---------- DATA SHOWN ----------

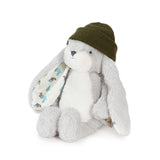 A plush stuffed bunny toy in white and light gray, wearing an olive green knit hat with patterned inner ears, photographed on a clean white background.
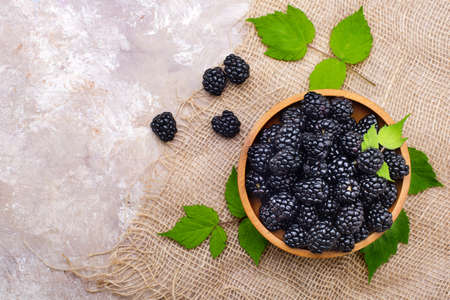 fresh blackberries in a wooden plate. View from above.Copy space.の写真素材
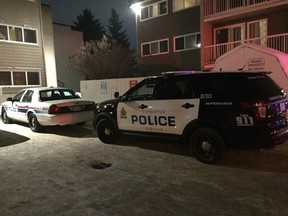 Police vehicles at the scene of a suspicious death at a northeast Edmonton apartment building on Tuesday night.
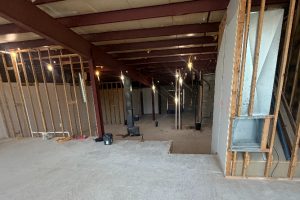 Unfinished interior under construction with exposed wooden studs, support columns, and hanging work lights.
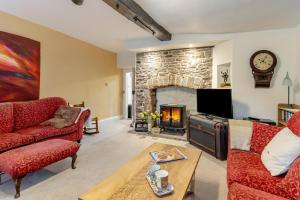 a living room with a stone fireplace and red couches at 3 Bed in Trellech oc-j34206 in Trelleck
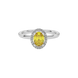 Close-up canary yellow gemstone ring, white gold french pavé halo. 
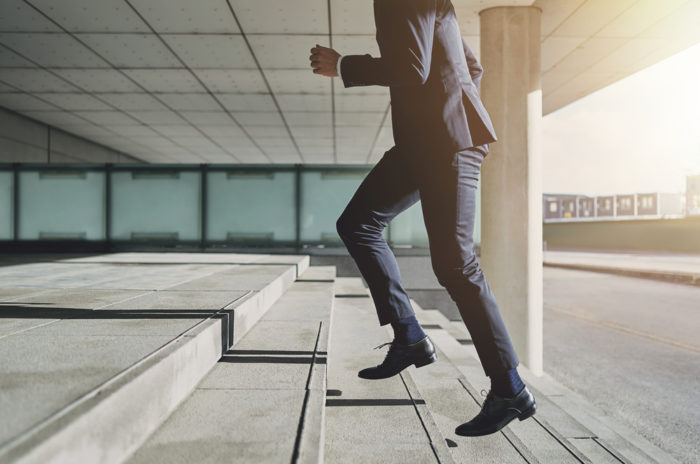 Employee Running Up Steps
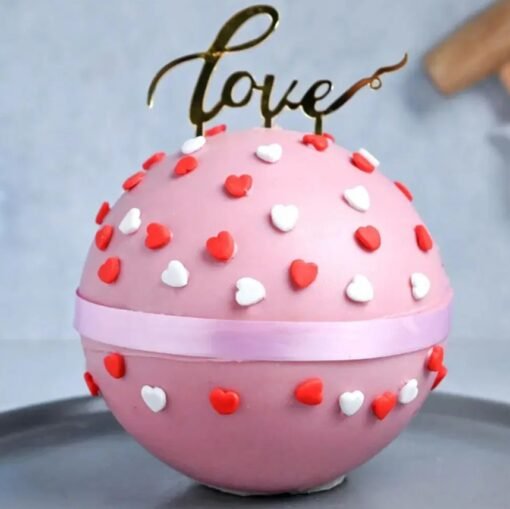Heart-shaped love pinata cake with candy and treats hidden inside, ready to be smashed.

----------
---------- DATA SHOWN ----------

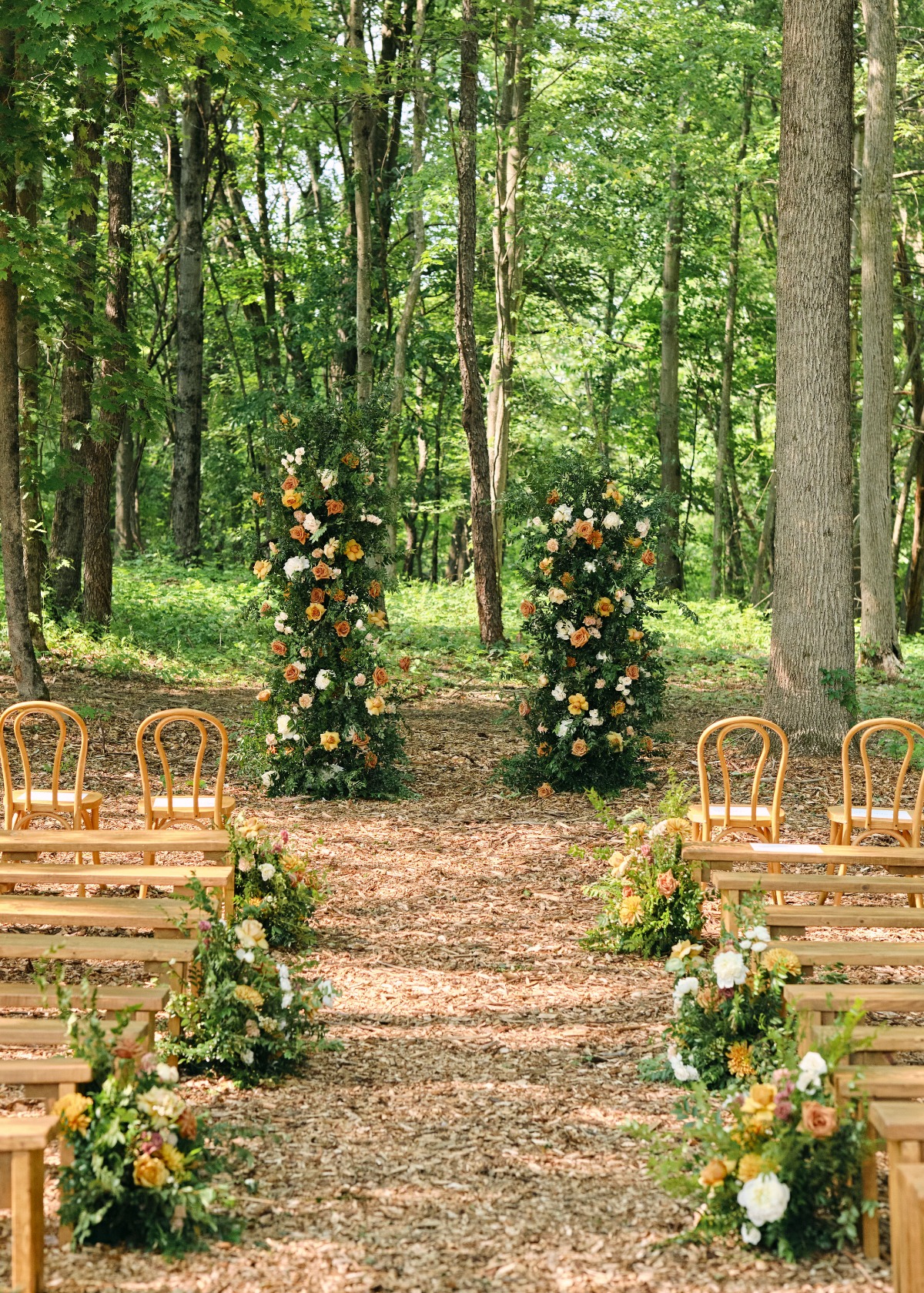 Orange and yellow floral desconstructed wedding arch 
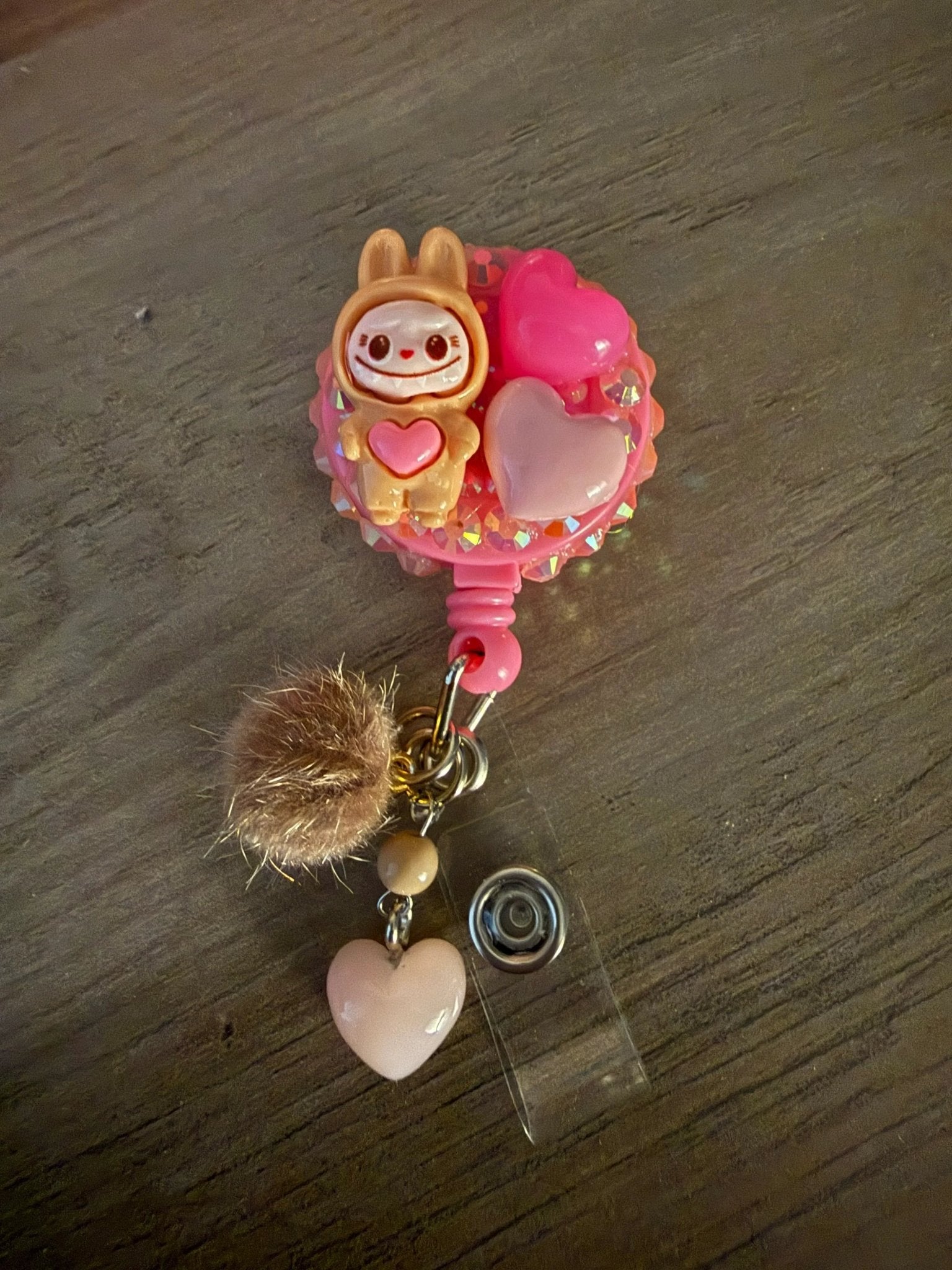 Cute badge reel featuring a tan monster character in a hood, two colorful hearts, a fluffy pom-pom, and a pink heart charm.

----------
---------- DATA SHOWN ----------

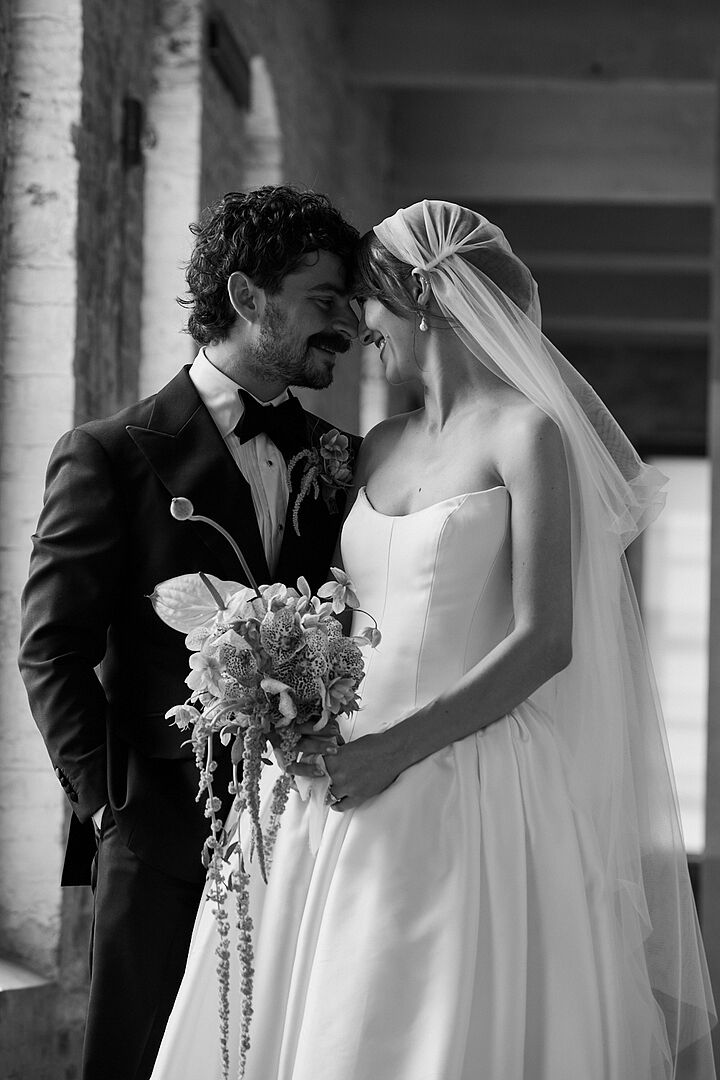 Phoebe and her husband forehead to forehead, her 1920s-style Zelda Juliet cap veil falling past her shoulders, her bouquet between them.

----------

WHAT YOU ARE ASKED TO DO ::
Above are the records; copy from them only the lines starting at the one containing "Orange and yellow" and ending at the one containing "Cute badge reel", exactly and without pictures.

SOLUTION ::
 Orange and yellow floral desconstructed wedding arch 
 Cute badge reel featuring a tan monster character in a hood, two colorful hearts, a fluffy pom-pom, and a pink heart charm.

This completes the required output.